1. For new developments in the field of ab initio single ion thermodynamics, the author is advised to consult the reference found in PNAS 117 (2020) 30151–30158. Also, a mention of quasi-chemical theory for ion solvation studies would be beneficial for the introduction, see for example https://arxiv.org/abs/physics/9909004.

2. The LJ interaction parameters are derived on the basis of purely classical MM MD simulations. In the QM/MM approach, the ion will be screened by the first shell QM water molecules, so it begs the question to what extent is the MM LJ potential transferable. For example, additional tests of QM/MM cluster energetics could have been performed to additionally validate the force field. Furthermore, the selection of “best” LJ parameters is done only on the basis of strictly structural criteria (RDF/coord no.), while the reproduction of energetics might be equally important, especially in the context of single ion thermodynamics. Finally, I found Fig. 1 quite misleading and hard to follow. Maybe a better way of data presentation is possible here.

3. The QM code applied in the simulation protocol is not mentioned and I doubt the author would choose to write his own code from scratch. I suppose the QM interactions were handled by external code and the details should be mentioned. It also concerns the MM part, unless this was done with in-house code (although a citation would be preferable even in this case, to point the reader at further details). Also, the author describes in detail the issue of QM ion–MM water interactions, but does not specify in detail, how are QM–MM water interactions handled.

4. What were the criteria to classify a given hydrogen atom as proximal/distal to the anion? Was this simply a distance-based criterion? Figure 4 is also misleading: the curves for anions are labeled with top/bottom/etc instead of colors, the sketch is not mentioned in the caption and the angular distribution is most probably wrongly labeled (as H1–O–H2, while I suppose this should be X–H1–O).

5. Is there any significance for the value of 0.5 ps in the definition of the minimum excursion time?

6. I am puzzled by the sentence “While in case of Cl− and Br− the ion-O RDFs still show well-defined minima in the QM/MM case, the respective first shell peak in the F− case directly connects to the bulk with not discernible minimum.” An examination of Figure 3 reveals that at least qualitatively the minimum in the case of fluoride is as deep as for the two other halides.
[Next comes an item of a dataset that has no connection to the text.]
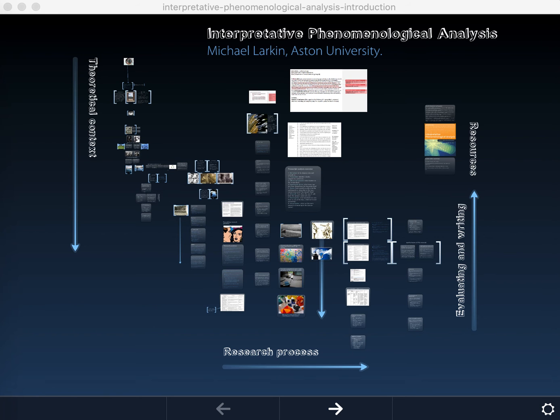In this clip I thought I would talk a little bit about data analysis and particularly coding approaches in the qualitative research method interpretive phenomenological analysis.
NB, also in the case of this figure some errors in the caption are found.

7. The alternative explanation to the plateau around 120 deg in the X–H1–O angular distribution could be strictly dipolar coordination, i.e., H2O pointing with both hydrogens towards the anion. Is it possible to differentiate the two possibilities from the present data?

 

Author Response

The reply to the comments of reviewer 3 are included in the attached pdf-file, also highlighting all changes made in the manuscript.

Author Response File: Author Response.pdf

Round 2

Reviewer 1 Report

The authors successfully resolved all issues raised by this reviewer. Consequently, the manuscript has been significantly improved and can be in its current version recommended for publication in Liquids.

Reviewer 3 Report

I am fully satisfied with the changes made to the manuscript and the very detailed response that I received from the author. I am of the opinion that the work is publishable in the present form.